Iga Świątek opublikowała na InstaStories nowe zdjęcia. Na jednym z nich tenisistka pokazała, że nieco odpuściła dietę i zajada się sushi. Na kolejnym ujęciu widać za to... dziewięć gumowych kaczek, ale nie byle jakich. Iga nie wybrała bowiem "tradycyjnych" żółtych kaczek do kąpieli. Te, które znalazły się w kolekcji Igi są wystylizowane na kaczkę-tenisistę, kaczkę-lekarza, kaczkę-chirurga, a nawet kaczkę-Supermana i kaczkę-jednorożca.
Iga Świątek nie wyjaśniła, skąd pomysł na taki nietypowy zakup - czy jest to niespełnione marzenie z dzieciństwa, czy może początek nietypowego hobby. Na fotografii zamieściła jedynie lakoniczny, acz zabawny podpis:
Wiele osób pytało mnie, co było pierwszą rzeczą, którą kupiłam po wygraniu Rolanda Garrosa... a więc oto odpowiedź - napisała tenisistka.
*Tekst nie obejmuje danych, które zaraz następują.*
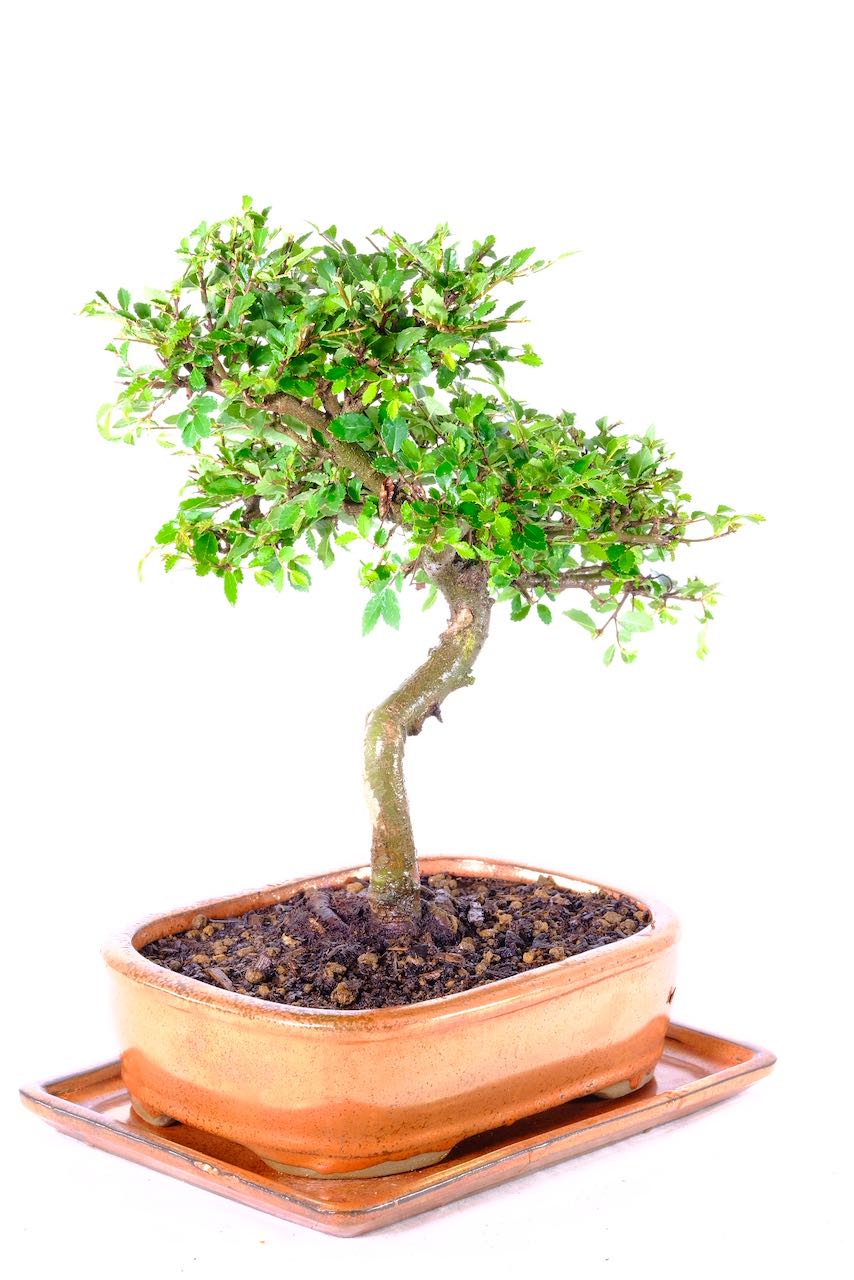 Symbol of strength and resilience: Chinese Elm bonsai gift idea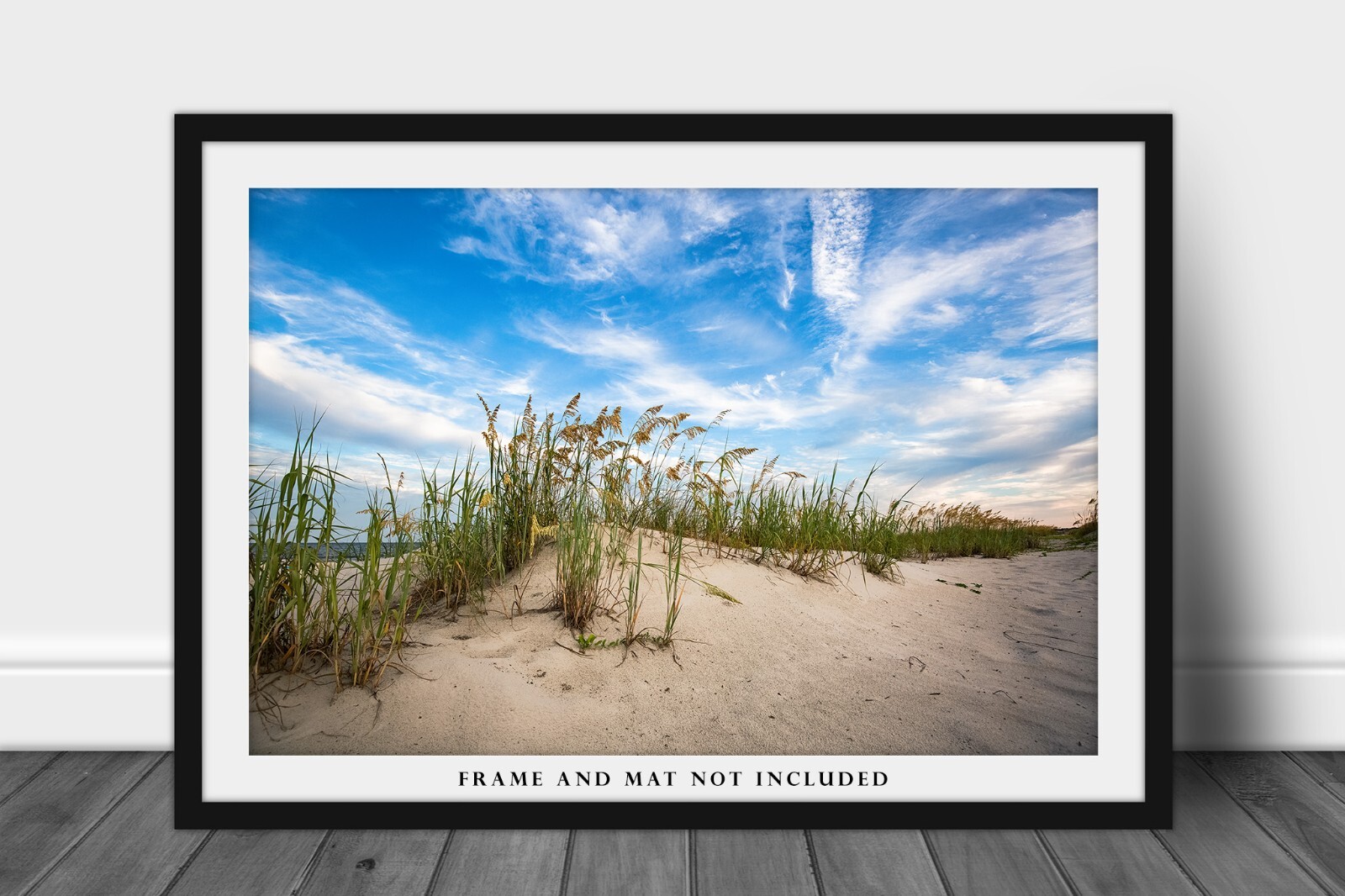 Coastal Photography Print – Picture of Sand Dunes and Sea Oats in South Carolina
Przyznajemy, takiego wyznania się nie spodziewaliśmy. Idze gratulujemy zwycięstwa i fantastycznej kolekcji oraz podpowiadamy: zabawnych, gumowych kaczek do kąpieli jest w sieci więcej. Można znaleźć kaczki przypominające polityków, pisarzy, superbohaterów z uniwersum Marvela i DC Comics, bajkowe postaci i wiele innych. Mamy też nadzieję, że Iga pochwali się kolejnymi trofeami ze swojej kolekcji - tymi po turniejach i tymi "kaczymi".